Только после Вас. Всемирная история хороших манер,

22
18
20
22
24
26
28
30

Искоренение слезливости

Еще в XVIII в. плакать в театре или при чтении книги было в порядке вещей. Так, в Мангейме во время премьеры пьесы Шиллера «Разбойники» (1782) зрители в зале по ходу действия вскрикивали и, громко всхлипывая, обнимали друг друга. В романе Гете «Страдания юного Вертера» (1774) главный герой практически ничем другим и не занимается: только постоянно плачет и утирает слезы. И все же мода и идеалы меняются. Протестантская этика и расцвет буржуазии привели к искоренению публичного проявления чувств, и в результате нормы в отношении проливания слез тоже пришлось пересмотреть. Теперь цивилизованному человеку уже более не пристало плакать на людях, только дикари да неотесанная деревенщина могли себе такое позволить. Правда, и прежде то, что дозволялось в театре, вовсе не обязательно было разрешено в обычной жизни. Например, в Англии и Германии авторы пособий по этикету уже в XVII в. подчеркивали важность умения держать себя в руках и советовали избегать излишней эмоциональности. Утверждалось, что плач и обуревающие индивида чувства замутняют здравый смысл, который человеку всегда необходим. Наступила пора Просвещения, эпоха главенствующего разума.
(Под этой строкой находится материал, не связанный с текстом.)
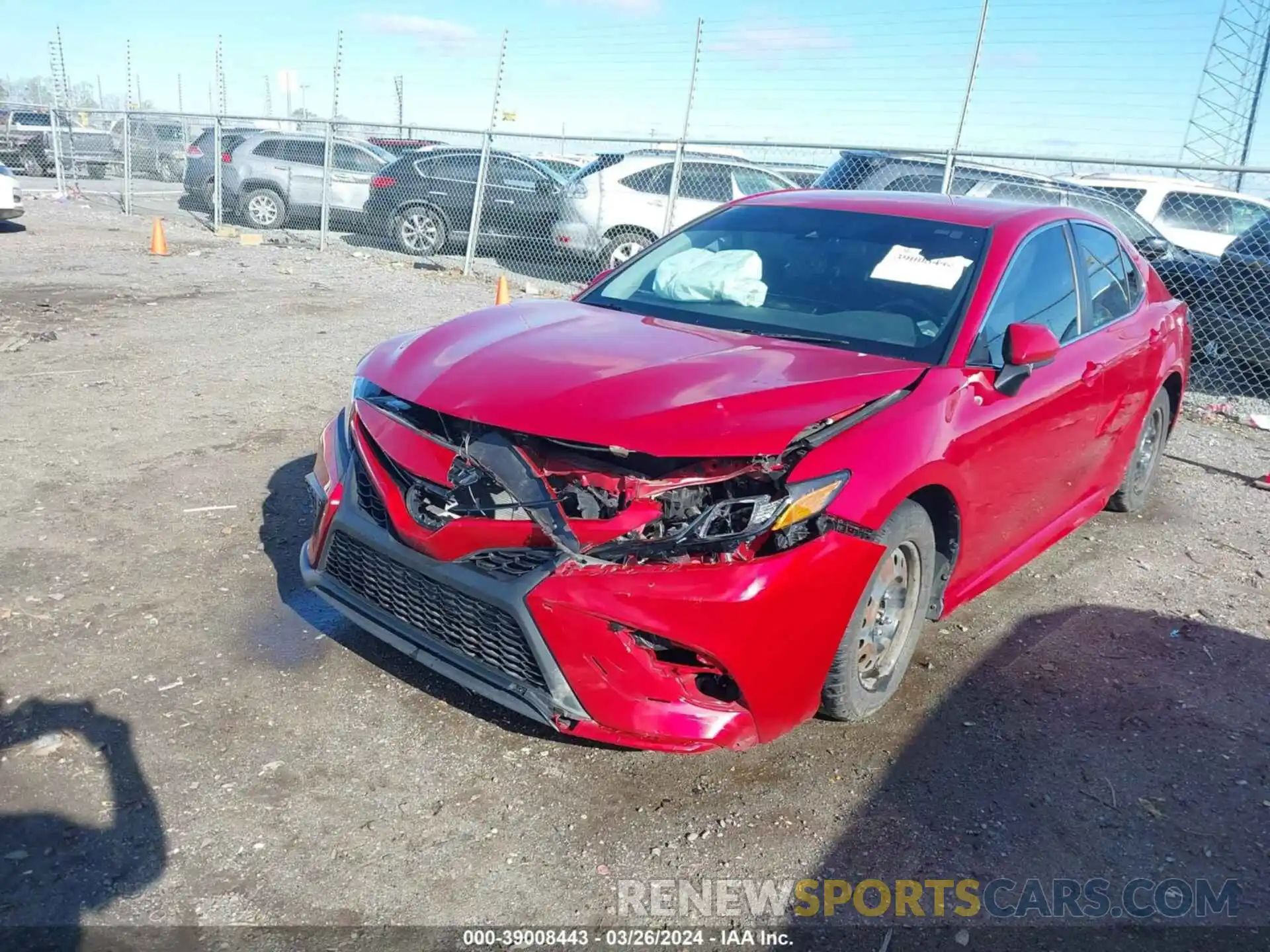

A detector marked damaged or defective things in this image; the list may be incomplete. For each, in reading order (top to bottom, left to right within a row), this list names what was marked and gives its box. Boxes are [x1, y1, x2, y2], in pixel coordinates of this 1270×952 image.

Родители, которым природа мудро внушила любовь к детям, очень склонны, если разум не контролирует этой естественной привязанности со всей бдительностью, очень склонны – скажу я – позволять ей переходить в слепую влюбленность. Родители любят своих малюток, и это их долг; но часто они любят в своих детях также их недостатки.

Джон Локк. Мысли о воспитании[7] (1693)

Джон Локк, английский философ эпохи Просвещения, в своем труде «Мысли о воспитании» советовал родителям обращать поменьше внимания на крики и плач детей. Изначально трактат Локка был написан как подспорье для его друга, который обратился к философу за советами по воспитанию сына. Локк был против того, чтобы поощрять чувствительность в детях, Он, наоборот, рекомендовал закалять их в эмоциональном отношении, чтобы избежать мягкотелости в будущем. Локк не выносил типичной для Средневековья публичной демонстрации чувств. По его мнению, следовало отринуть все естественные склонности и инстинкты и руководствоваться лишь голосом разума. В противном случае прихоти и желания будут направлять жизнь человека также и во взрослом возрасте.

Ибо если лучше ребенку дать виноград или леденец, когда ему это захочется, чем дать бедному дитяти расплакаться или огорчить его, то почему, когда он станет взрослым, не следует удовлетворять его желания, которые тянут его к вину или к женщинам? Ведь эти предметы в такой же мере соответствуют желаниям взрослого, в какой отвечали детским склонностям те предметы, из-за которых он плакал, когда был мал.

Джон Локк. Мысли о воспитании (1693)

Идеи Локка хорошо отражают моральные ценности и новое отношение к телу, свойственное англичанам в XVII в. Разум должен был управлять плотью, а не наоборот. Книга «Мысли о воспитании» оказала большое влияние не только на соотечественников Локка, и в XVIII столетии его стали считать в Европе отцом педагогики.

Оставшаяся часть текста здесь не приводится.